Date: 24 Jun 1991
Alexander Drummond was found dead on a farm track near his home at about 8pm on Monday 24 June 1991.
He was a former Black Watch soldier and was single.
It was noted that the police had not publicly announce that they were dealing with a murder for some time and that it took them 117 days before they announced to his family that they were doing so. It was reported in the newspapers on 3 July 1991 that his death was not being treated as a murder, but as a suspicious death. However, in September 1992 it was reported that the police had known that they were dealing with a murder as of 6pm on 25 June 1991.
He had been strangled, but it was thought that he might have been strangled elsewhere and then dumped on the farm track which was just off the A917.

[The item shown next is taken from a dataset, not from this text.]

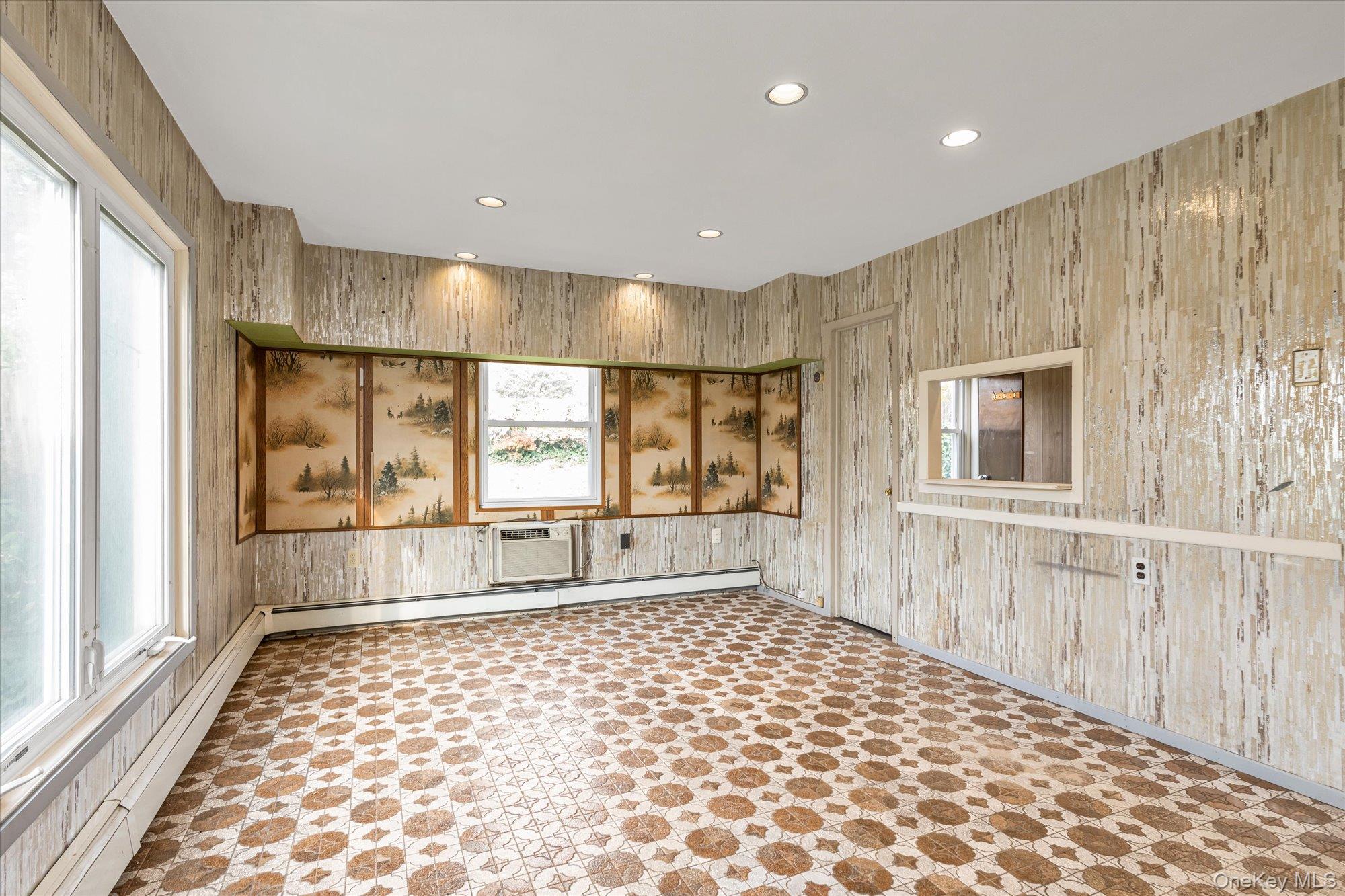 #4 photo, 1 Ranch Lane, Levittown , NY 11756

It was thought that Alexander Drummond had been choked in a martial arts neck hold such as a Ju Jitsu neck hold as he had neither external ligature marks around his neck, nor finger marks, typical of strangulation.

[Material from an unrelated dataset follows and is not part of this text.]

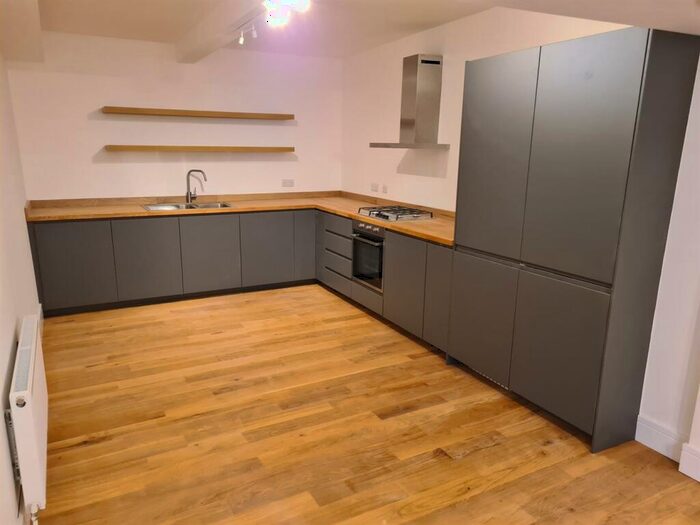 1 Bedroom Flat To Rent In The Island, Midsomer Norton, Radstock, BA3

He had lived about 175 or 400 yards away from where he was found in No. 2 Cottage at Falside Farm, Boarhills and had been working in a mill at the time, although he had quit the day before
It was thought that he had died sometime between 11am and 8pm on 24 June 1991 on the track or elsewhere. His body was found facedown on the track which was described as overgrown and disused.

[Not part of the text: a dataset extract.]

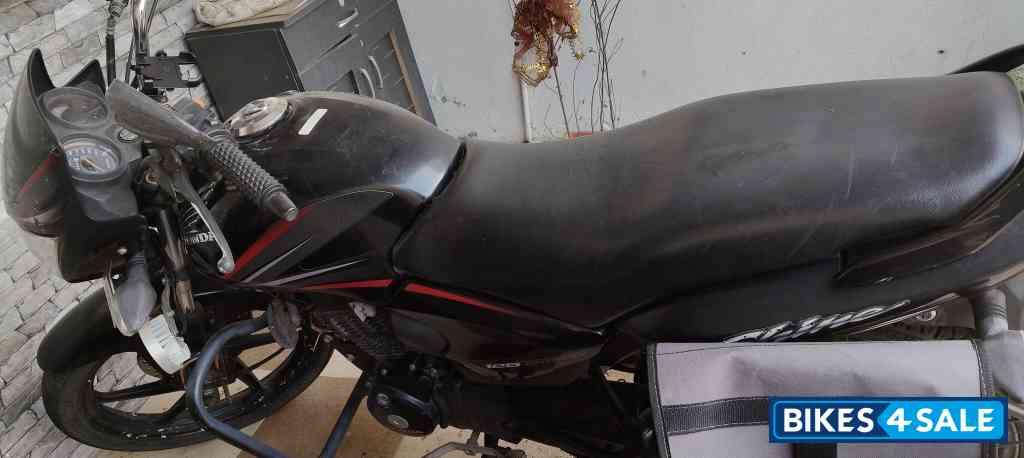 Black Honda Shine 125 Disc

It was heard that when the police first arrived, they were suspicious about the position of his body, but that because there were no signs of injury or violence, it was initially decided that he had died from natural causes and that it wasn’t until the post-mortem was carried out that he was determined to have bene asphyxiated.
The police said that they were trying to piece together the last six hours of his life.
He was last seen at about 2pm on Monday 24 June when he visited Kinkell Braes caravan park after spending the morning in St Andrews. His body was later found at 8pm.
One clue was an orange-coloured Morris Marina car that had been seen parked near his home several times, including the day he died, which was never traced, and which was thought could have had some bearing on his death.
A reconstruction later on also revealed that the police were trying to trace a man who got on a bus near Falside Farm on the afternoon of 24 June 1991 and who later got off at Lamont Drive in St Andrews and who was said to have been carrying a handkerchief that was bloodstained.
Alexander Drummond had been working at the Guardbridge Paper Mill but had quit the day before he was murdered and withdrawn money from his bank account. He had been working at the paper mill for seven years and so the timing of his quitting his job appeared to be highly significant. Most of the money that he had taken out of his bank account was later found at his home.
It was later reported that in a cold case review the police identified a suspect in his murder, but that the suspect had since died. It was further noted that it was thought that the case was still open in case there had been any accomplices in the murder.
It was said that the police determined from their enquiry that there was something obviously going on in Alexander Drummond’s life, noting that he had quit his job and taken out large sums of money, but that they were unable to determine what that was.
The police later said that they thought that someone might have been blackmailing him or bullying him.